Cancer is ugly but it does not strip us of life, hope, laughter, joy, or courage. In fact, it turns us into people we would hardly have recognized, physically, of course, but more importantly, soulfully and spiritually. There are times we want to scream and curse at it, and that is okay, and there are times we want to say, thank you, cancer, you made me into a different and better human being, and you brought God closer within.
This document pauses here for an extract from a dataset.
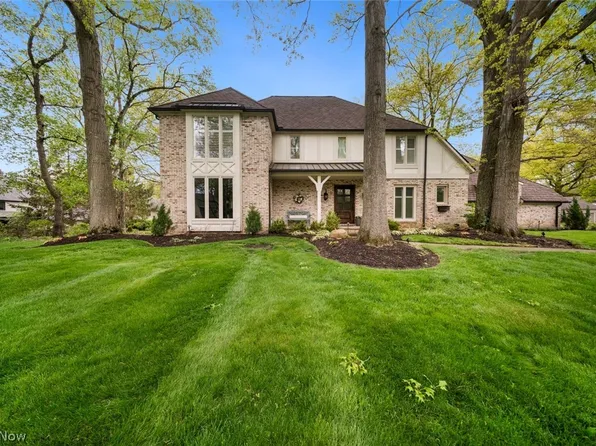 28930 Turnbridge Rd, Bay Village, OH 44140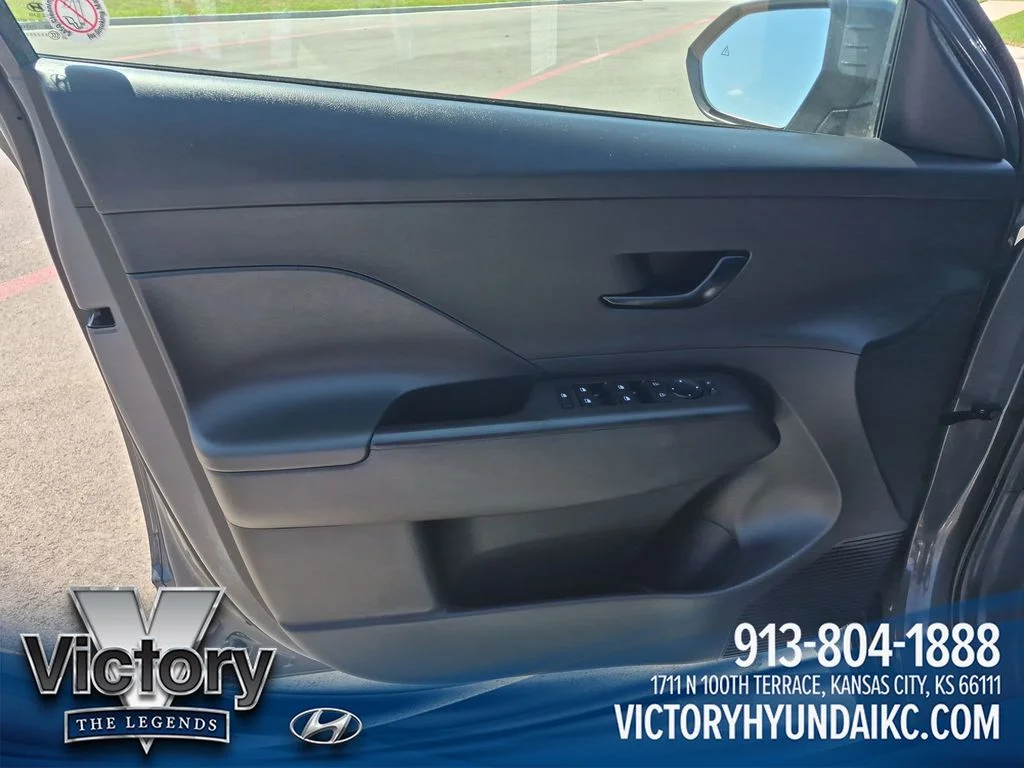 Used 2025 Gray Hyundai SEL image 10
There is much more to be said but I must close now, not for fear I am headed to a soapbox, but because, I really cannot make sense of this week's emotions, I ache to be by my sister and brother-in-law's side, and I will be soon, and I am pained by their journey, but I know it is theirs, ours, and we will triumph. I don't know why or how I started writing about this thing called cancer today, other than there has been much to think about, again, firsthand, as our family holds Michael and all others close at heart. I do know that as I tried to even write words that could convey what is on my heart today, just now, before I could finish, CJ's journey here on earth DID end, and his new one begins. An e-mail popped up from his caringbridge site, simply stated from CJ's father, "God's finger touched him and he slept". Christopher Jonathan Gabriel Aubuchon was 19 years of age and leaves a legacy that cannot be put into words. Rest, CJ, rest, you precious young man. You are now cancer free and you are ready to soar.